27 Maret 2014   06:05 Diperbarui: 24 Juni 2015   00:24 326 3
Biasa lah.. kalau sudah menjelang pemilu atau pilkada, kita bakal kebanjiran hasil survey. Saya sendiri termasuk pengguna survey dan tergolong orang yang suka mengikuti hasil-hasil survey. Kadang-kadang untuk kepentingan ilmiah (seperti survey yang saya lakukan untuk penelitian saya), kadang-kadang karena curious, kadang-kadang just for fun.

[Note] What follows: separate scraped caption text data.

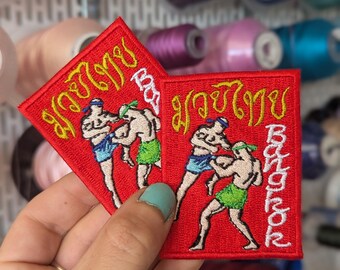 Embroidered patch, souvenir of the Muoy Thai fight in Bangkok, Thailand. Sew-on or iron-on. 7 cm x 5.5 cm. Custom design. Price per unit.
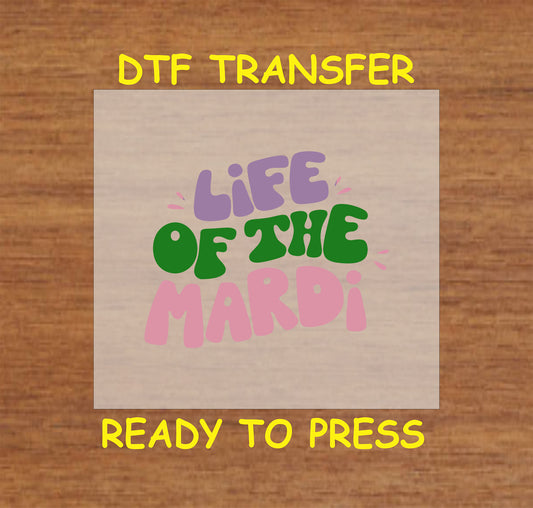 DTF transfer with "Life of the Mardi" text in bold, festive colors.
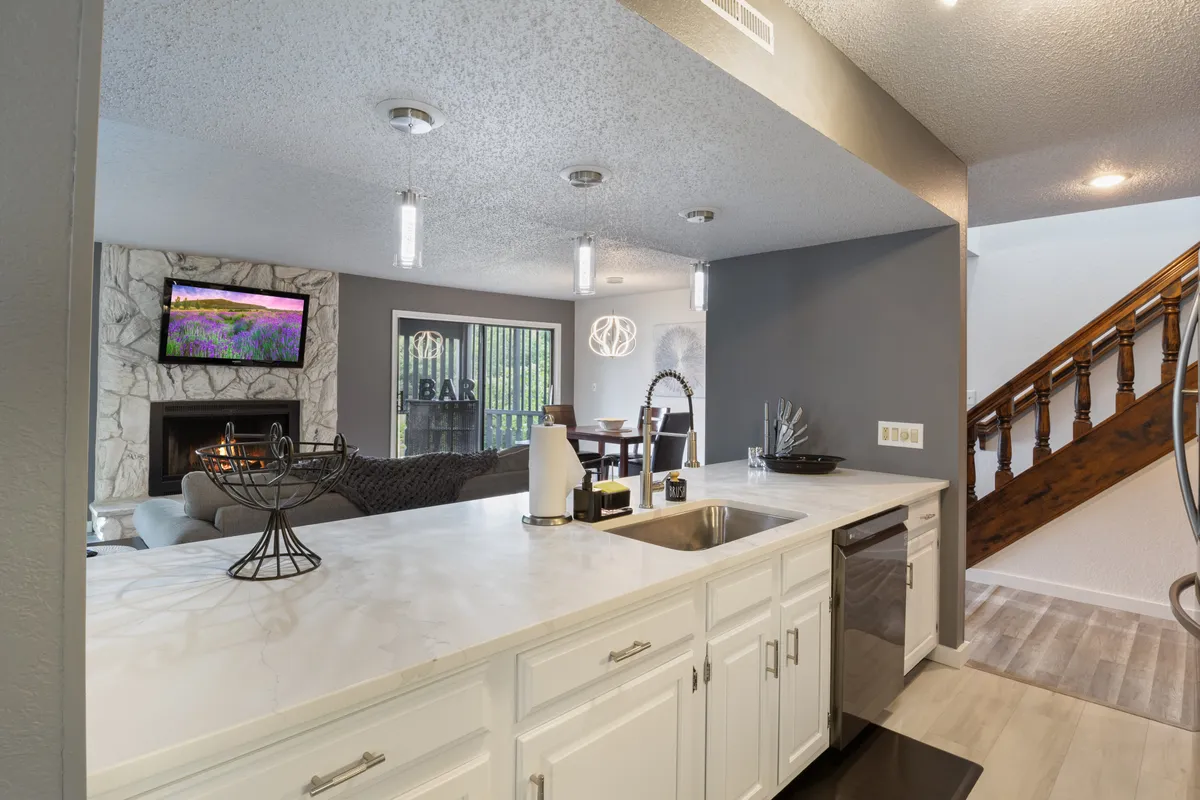 A welcoming open living space that seamlessly connects the kitchen and living area. The arrangement includes a kitchen island, a comfortable seating area, a fireplace, and a flat screen TV, evoking a sense of easy, sociable flow.
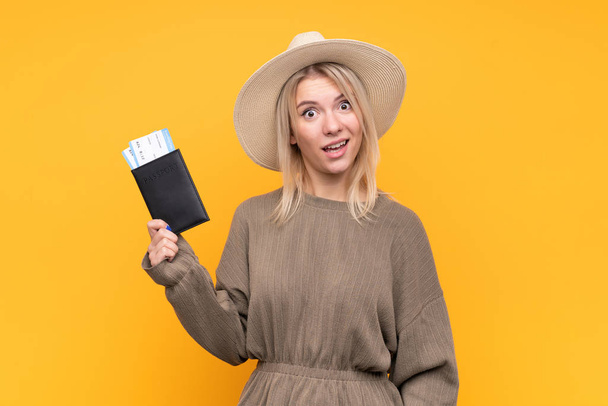 Jonge blonde vrouw over geïsoleerde gele achtergrond gelukkig in vakantie met paspoort en vliegtickets - Foto, afbeelding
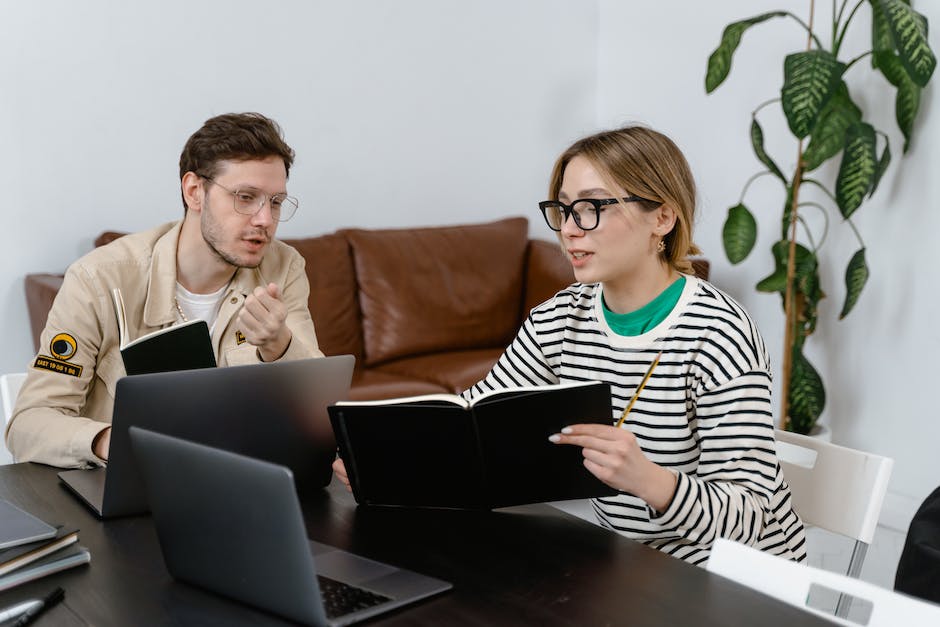 Two people sit at a desk with laptops, discussing something in notebooks. A leafy plant is in the background near a couch. They seem focused on how email marketing can boost your business growth.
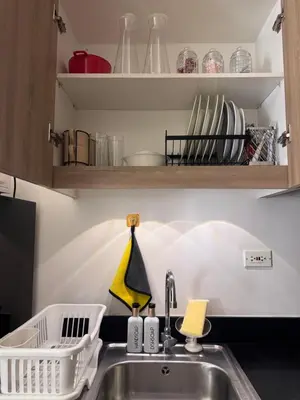 a kitchen sink with a dish drying rack above it at The Chill Lane- Shore Residences in Manila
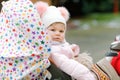 Cute little beautiful baby girl sitting in the pram or stroller on cold autumn, winter or spring day. Happy smiling Royalty Free Stock Photo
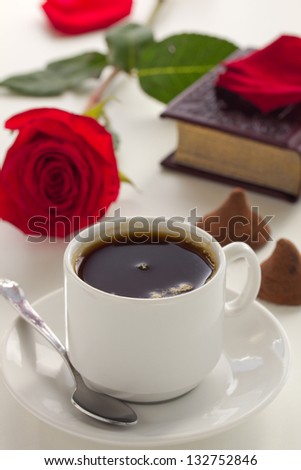 A Cup of coffee with a book and a rose.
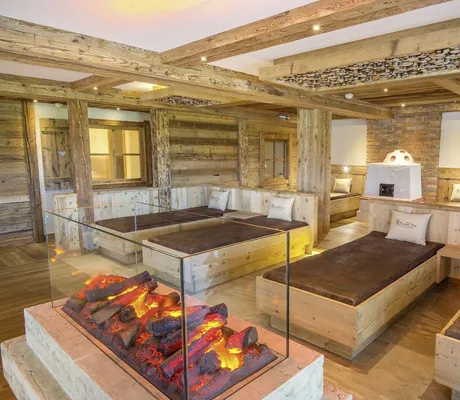 Sicht auf Holz-Liegen im Wellnessbereich, mit Effektkamin und Holz-Interieur.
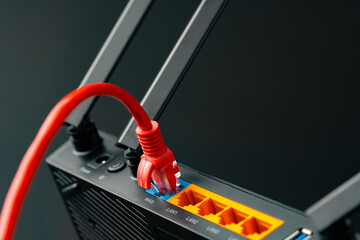 Modern router with cables plugged in close up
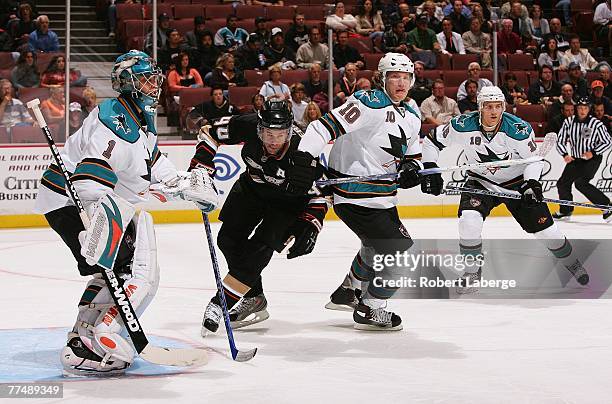 Goaltender Thomas Greiss of the San Jose Sharks defends his net as Rob Niedermayer of the Anaheim Ducks skates through the slot behind defenseman...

Tapi pada hakekatnya survey adalah suatu metode yang ilmiah sehingga apapun alasan melakukan survey, survey tersebut harus didasari oleh justifikasi ilmiah yang kuat. Sama halnya, apapun alasan untuk mengikuti hasil survey, kepercayaan kita terhadap hasil tersebut harus didasari oleh kemahfuman kita akan kuatnya dasar ilmiah yang dipakai dalam pelaksanaan survey tersebut.

Mengikuti hasil survey politik menjelang pemilu/pilkada buat saya paling pas buat kegiatan just for fun. Pasalnya, di waktu-waktu seperti ini kita bisa menonton dagelan survey. Ada survey yang mengatakan calon A menang mutlak, lalu disusul dengan survey tandingan yang mengatakan calon B akan menang mutlak. Karenanya, tidak heran kalau banyak survey dianggap abal-abal dan hasilnya adalah pesanan. Bicara tentang survey abal-abal, survey dari Gerakan Pemuda Keadilan yang dipublikasikan baru-baru ini tentang penolakan terhadap kepemimpinan Ahok rasanya sudah membawa abal-abalisme ke level yang tidak saya bayangkan sebelumnya.

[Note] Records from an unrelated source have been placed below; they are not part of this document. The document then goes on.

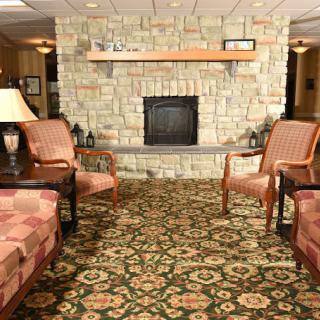 A cozy living room featuring a stone fireplace, armchairs, and a patterned rug.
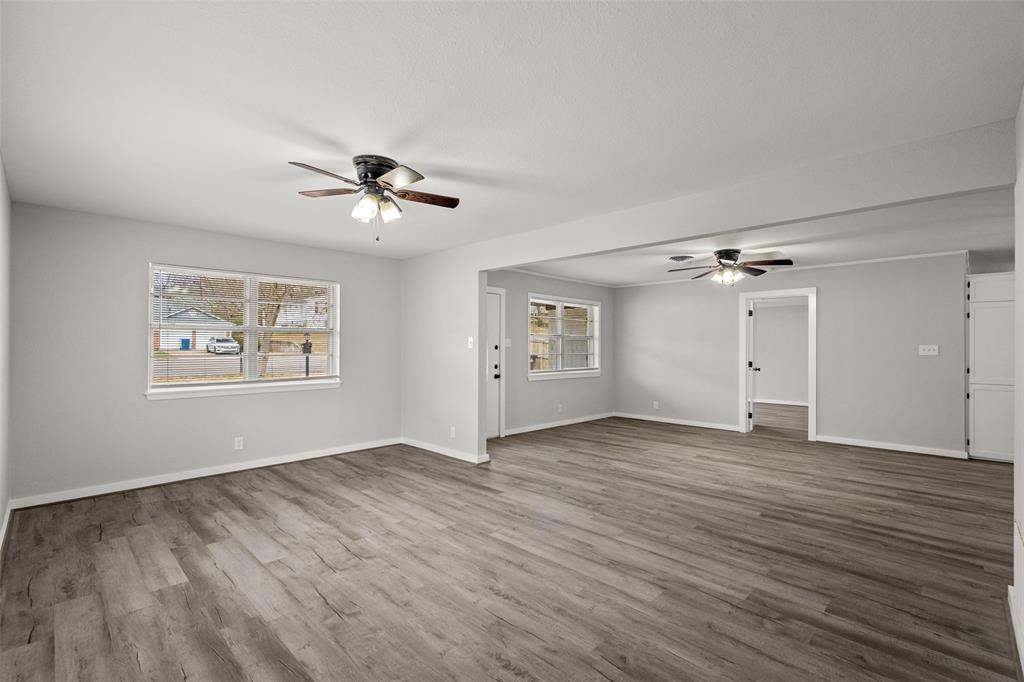 1506 West Main Street Denison, TX 75020 - Photo 29 of 38 an empty room with fan and windows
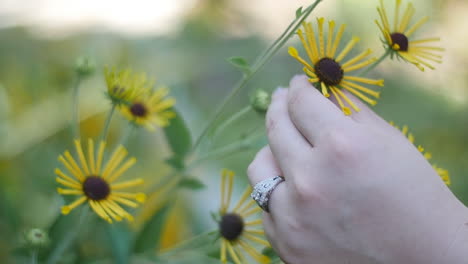 Hand-with-engagement-ring-holding-a-quilled-brown-eyed-susan-flower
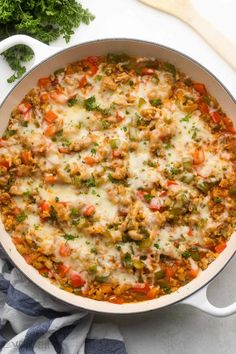 a casserole dish filled with meat, vegetables and cheese on a white surface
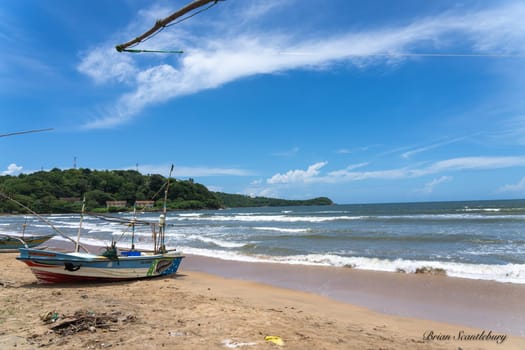 Galle Sri Lanka - September 14 2024; Traditional picturesque style fisherman’s boats pulled up on sand at beach near city and one with New Zealand fern emblem.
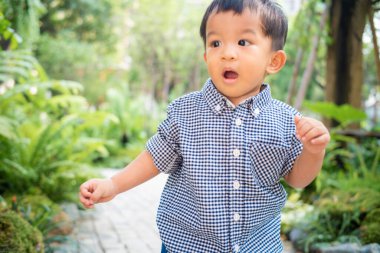 Küçük Asyalı çocuk bahçede oynuyor. Kahve parkında. Doğada mutlu zaman çocuğu.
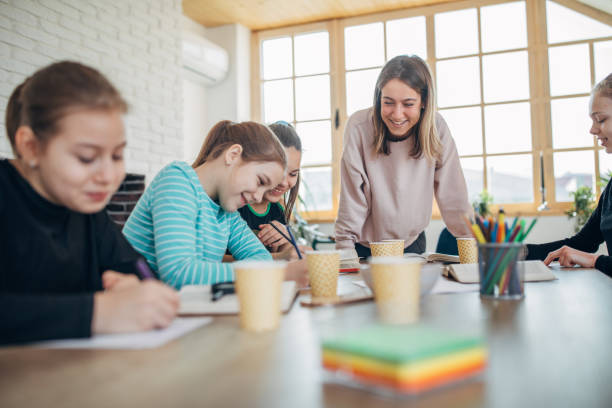 istock Young lady teacher and girls students on private class 1132488248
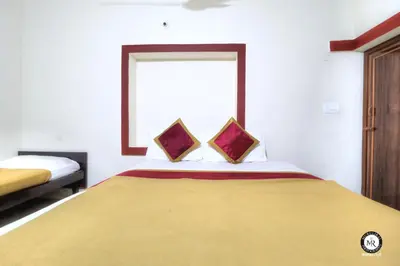a bedroom with a large bed with two pillows at Coorg Avani Holiday Inn in Madikeri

Mengapa. Mengutip harian Merdeka, penyelenggara survey mengatakan kalau "...survei ini tidak memakai tingkat kepercayaan dan margin of error." Dan dengan demikian hasil survey tersebut diberitakan sebagai "93 persen warga tolak Ahok menjadi gubernur".

Yang salah dengan survey ini, seperti diakui oleh penyelenggaranya, tidak memakai tingkat kepercayaan dan margin of error. Dengan kata lain, survey ini memang asli sekedar dagelan, tidak ada unsur ilmiahnya sama sekali.

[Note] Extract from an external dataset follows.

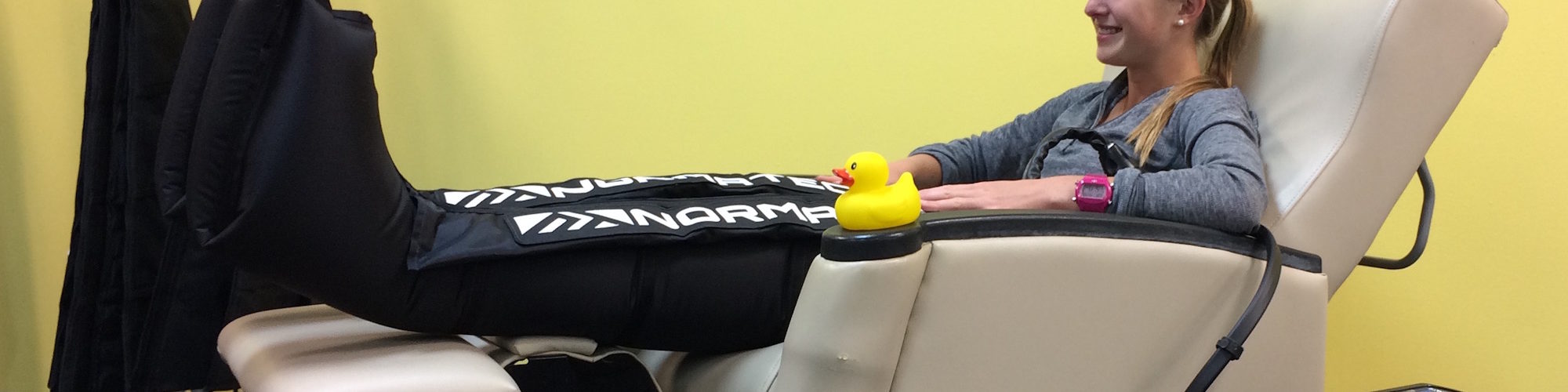 Ann Arbor recovery lounge with sports massage and NormaTec compression boots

Perlu saya ungkapkan di sini kalau beberapa jenis survey, yang murni kualitatif, memang biasanya tidak memakai kedua hal tersebut. Tapi biasanya survey-survey kualitatif seperti itu punya tujuan yang sangat berbeda dengan survey kuantitatif, bukan untuk menghasilkan suatu angka yang bisa mewakili suatu penduduk. Angka yang biasa kita sebut sebagai "statistik".

Barangkali hal ini lebih tepat dijelaskan dengan sebuah contoh.

Misalkan saya ingin berjualan sebuah produk, katakan saya ingin mengisi hari Minggu saya dengan menjual lumpia basah di kelurahan tempat saya tinggal. Untuk memperkirakan berapa lumpia yang harus saya siapkan setiap hari Minggu, saya ingin mengetahui berapa orang penduduk kelurahan yang akan membeli lumpia pada hari itu.

Saya bisa mengetahui ini dengan, tentunya, menanyakan apakah seseoarang akan membeli lumpia di hari Minggu. Kalau kelurahan saya berpenduduk 100 ribu jiwa, saya bisa menanyakan hal tersebut kepada ke-100 ribu orang itu, istilahnya melakukan sensus. Tapi saya tidak yakin kalau saya punya cukup waktu, tenaga atau uang untuk mensensus 100 ribu orang, maka saya berpaling kepada cara lain yang disebut: survey.

Intinya sih, dengan melakukan survey, saya ingin mengetahui berapa warga kelurahan yang akan membeli lumpia di hari Minggu, tanpa harus bertanya ke seluruh warga kelurahan. Istilahnya, saya hanya perlu bertanya kepada sejumlah sample. Tapi ya itu, tujuan dari survey ini sejatinya adalah untuk mengetahui berapa orang dari seluruh warga kelurahan yang akan membeli lumpia saya di hari Minggu. Istilahnya, saya ingin melakukan statistical inference: menarik kesimpulan tentang semua warga kelurahan (populasi) berdasarkan informasi dari sebagian warga saja (sampel).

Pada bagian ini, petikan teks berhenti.